Recent cases on applications for payment, payment notices and “pay less” notices under the Construction Act have brought more clarity to this thorny area, despite some unanswered questions remaining. With payment disputes between social landlords (and other employers) and contractors on the rise, there are some key steps that should be followed to help avoid costly legal challenges.

We now know that:

  • the court will not supplement payment schedules that “run out” (Grove Developments v Balfour Beatty) but will correct “obvious” date errors (Bouygues v Febrey Structures);
  • a contractor’s application for payment can only become a default payment notice (where the contract administrator fails to serve a payment notice in time) if it:
    • is clearly, in “substance, form and intent”, an application for payment (Caledonian Modular v Mar City, Jawaby v Interiors);
    • states the “amount due” (Severfield v Duro) and how it is calculated (Maxi Construction v Mortons Rolls)
    • is served on time, never early (Leeds v Waco, Caledonian Modular) and not too late , Jawaby Interiors); and
    • is accompanied by any documents the contract requires (Kersfield Developments v Bray);
  • if the contract administrator doesn’t issue a payment notice and the employer doesn’t serve a pay less notice, the employer must pay the amount applied for (Henia v Beck) unless the contractor is (or becomes) insolvent (Melville Dundas v George Wimpey, Wilson & Sharp v Harbour View);
  • with an interim application, the employer may not be able to adjudicate to determine the “correct” amount payable (ISG v Seevic, Galliford Try v Estura), although this may be changing (ICI v MMT);
  • a pay less notice will be valid if it “is intended as such”, states the amount the employer considers due and states how that amount is calculated (Surrey and Sussex Healthcare v Logan Construction); and
  • with a final account, the employer can adjudicate to determine the “correct” amount due, even though no payment notice or pay less notice has been served (Harding v Paice, Kilker Projects v Purton).

There are still some uncertainties. For example, can an application for payment be “adjusted”, “corrected” or “replaced” by a substituted application? Case law (Caledonian Modular) seems to suggest not, although not in clear terms. Despite these, it is now possible to set out some practical pointers for contractors, contract administrators and employers when preparing these applications and notices.

Contractors should ensure that:

  • payment schedules cover the possibility of overruns and extensions of time;
  • applications for payment:
    • are clearly labelled as such;
    • state the payment due date;
    • clearly state the amount due on that date;
    • are served “on time” under the contract (having regard to the “time of service” provisions in the contract); and
    • include everything the contract states must be provided with them. 

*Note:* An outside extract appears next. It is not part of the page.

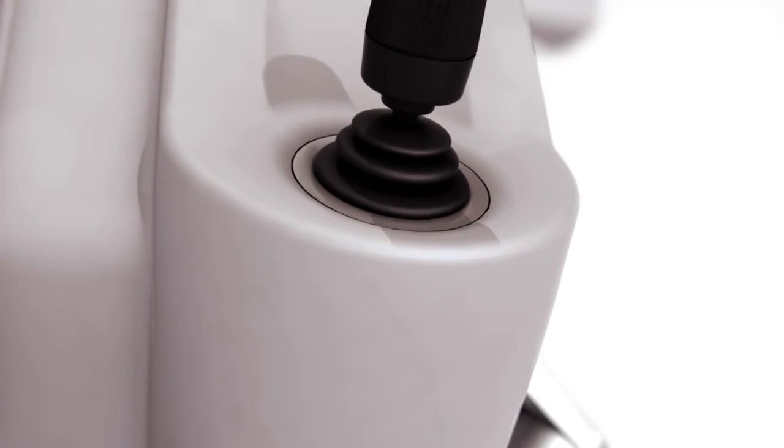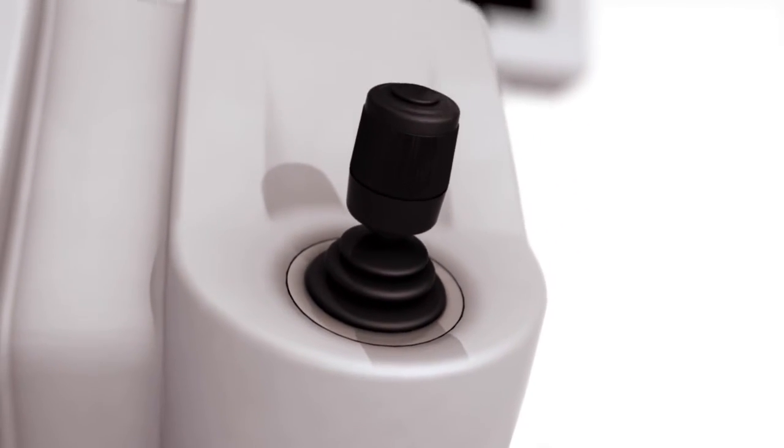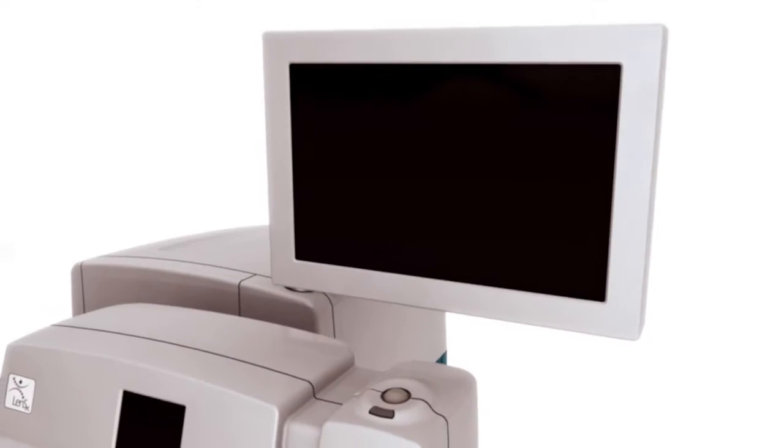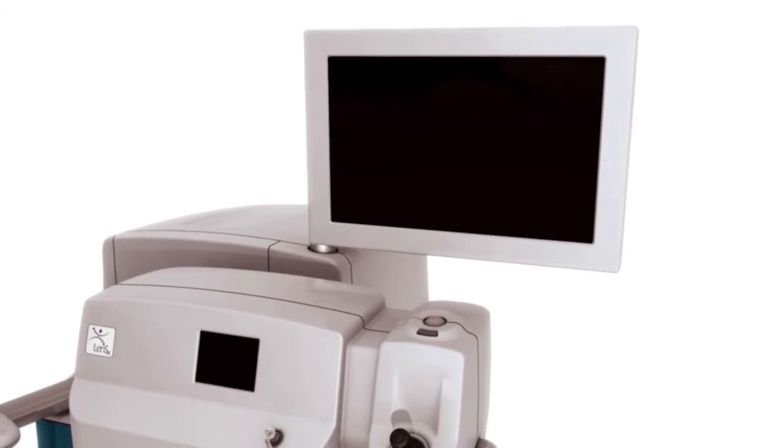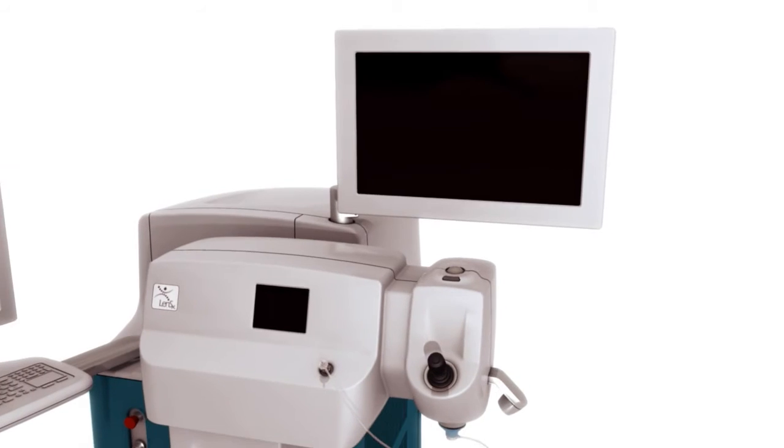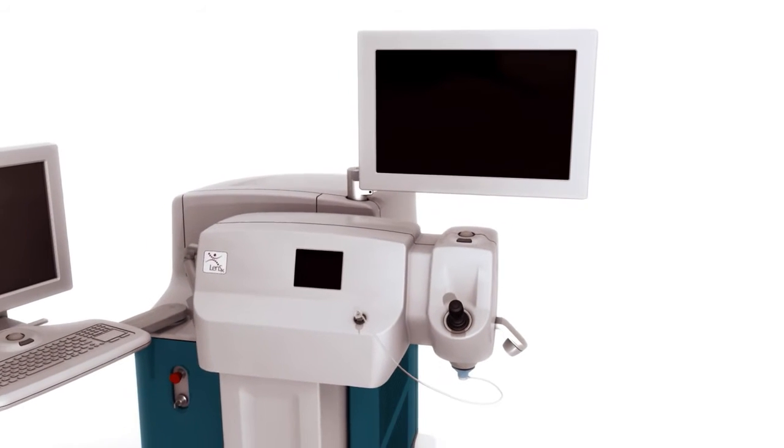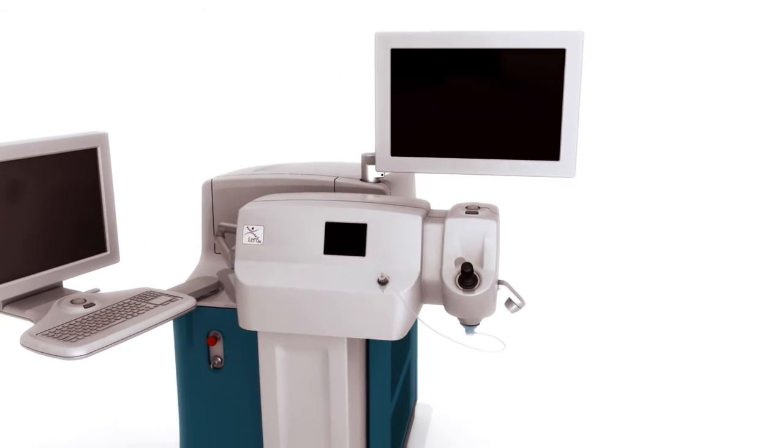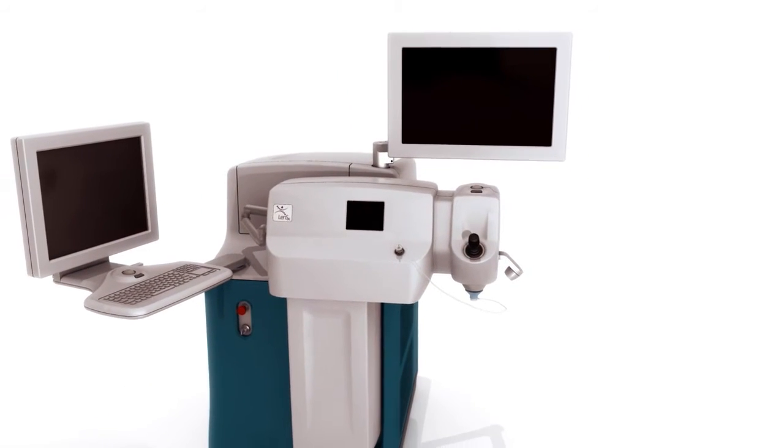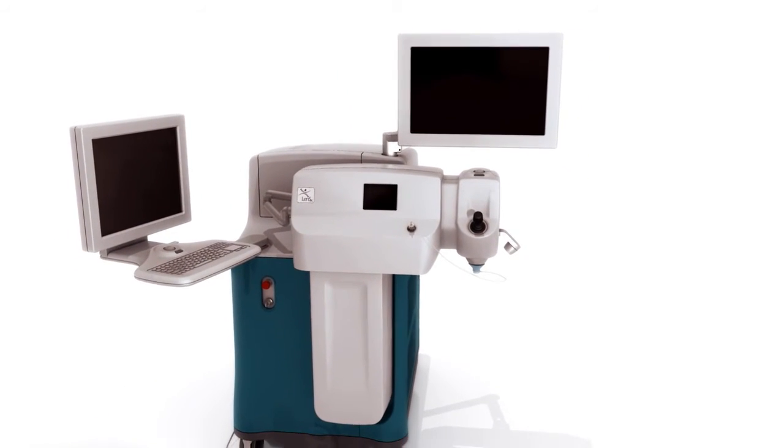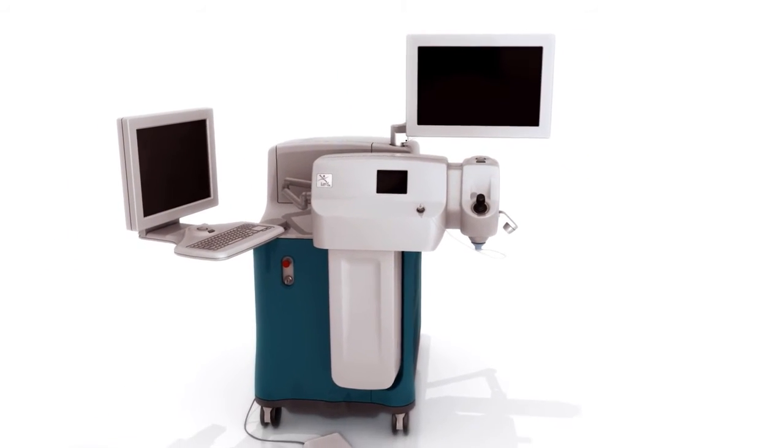Providing cataract patients with a blade-free, technologically advanced alternative, the LensX laser is leading a new era of refractive cataract surgery innovation.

Contract administrators should:

  • issue payment notices on time and as set out in the contract, even if they are “querying” items within the application with the contractor; and
  • exclude items where the contractor has not provided any documentation the contract requires - they can always be picked up on the next payment run.

Employers should issue a pay less notice if:

  • there is (or may be) a valid application for payment and the contract administrator doesn’t issue a payment notice on time;
  • the employer thinks the contract administrator has overvalued the work up to the due date;
  • they want to deduct costs recoverable from the contractor (eg liquidated damages); and/or
  • they are entitled to set-off amounts due from the contractor under another contract against the amount payable.

Contractors are facing difficult market conditions, as prices for construction materials continue to rise and labour becomes harder to obtain. Contractors (usually) need to submit valid applications for payment before being entitled to be paid. Contract administrators need to know whether applications are valid and to serve payment notices promptly. Social landlords (and other employers) need to know how to protect their position if they think their contractor is overcharging or heading towards insolvency. Hopefully these practical pointers should help each of them get these applications and notices right and reduce disputes over them.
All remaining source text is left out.